Relocation is, however, not easy for small companies, as it means investing in acquiring land and building afresh. Even if the smaller companies can afford that, they have to then wait for new customers.
Maan Singh, 68, runs a machine-tooling factory with a net worth of Rs10 lakh. The day I met him, he and his son were building a power press. “Companies with money can relocate,” he said. “They can buy land elsewhere and start up again. But we cannot do that. Hum wahan jayengey to grahak kyon aayega? Sab grahak yahan aatey hain. Yahaan 200-500 factories hain (Why will our customers follow us to the new place? All of them come to Ludhiana. Most machine tooling factories are here).”

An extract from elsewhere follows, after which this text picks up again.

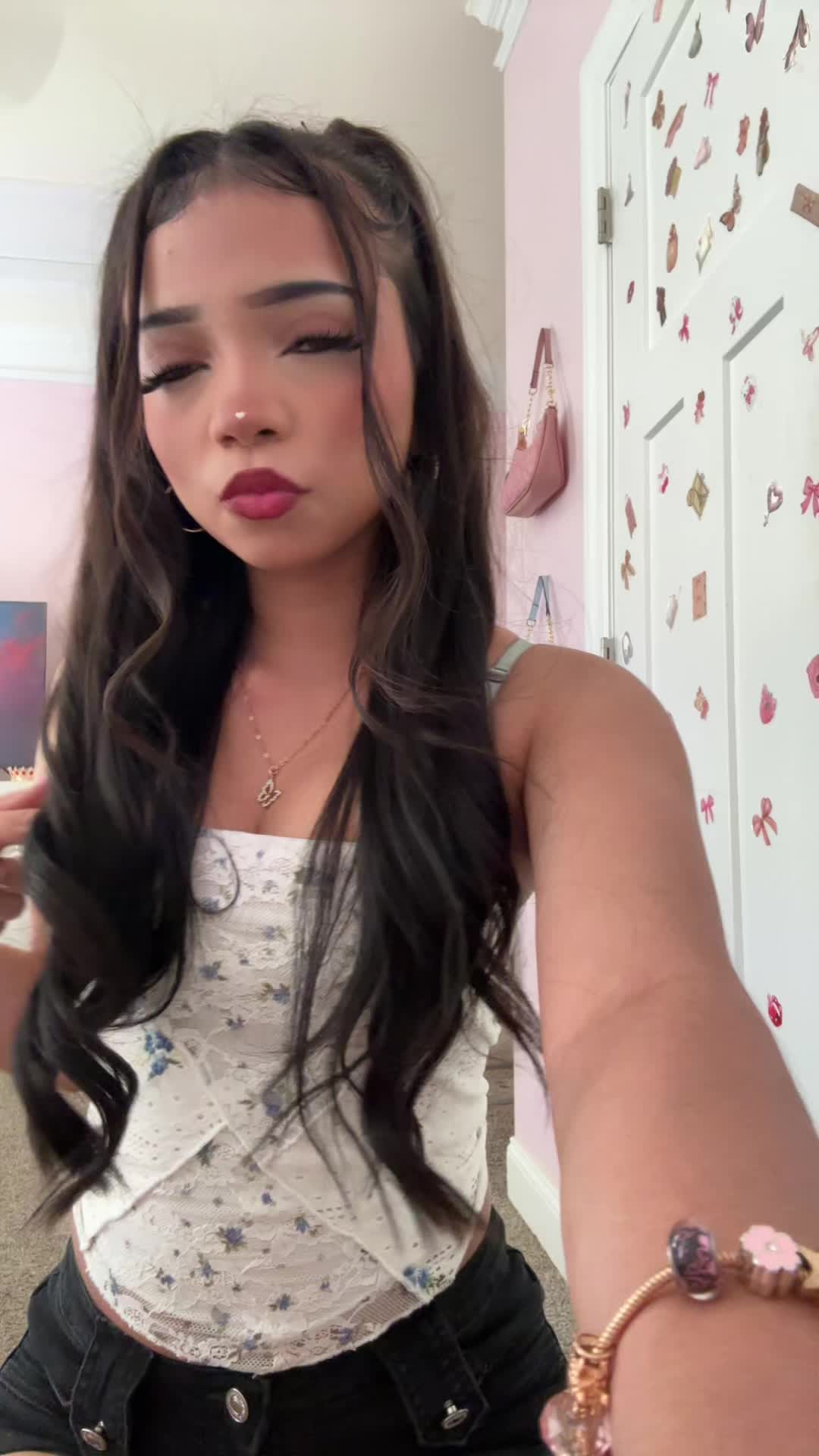 @𝓚𝓪𝓻𝓵𝓪 🌺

Today, he makes one machine a month where he once used to make four, each selling for anywhere between Rs1.5 lakh to Rs2 lakh. “We don’t have labour. We are not able to pay more than Rs6,000. Khud kaam kartey hain to nikalta hai (We can make ends meet only if we ourselves do the work).”
It’s a downward spiral, with the very real risk that things could go horribly wrong—as happened with Rajinder Singh.
Till seven years or so ago, Singh used to make pedals for bicycles. The inflow of cheap Chinese imports caused his business to collapse. When I met him, he was pushing a cycle through Ludhiana’s industrial area. It was laden with myriad repurposed bottles, from two-litre soft drink bottles to more nondescript smaller ones, all filled with Phenyl.
It is a tough life for someone in his mid-fifties. The combined weight of the bottles, he said, would be about 100 litres. Selling them nets him about Rs300-400 in a day. “I work from 7.30 to 2,” he said. “I cannot work longer than that.”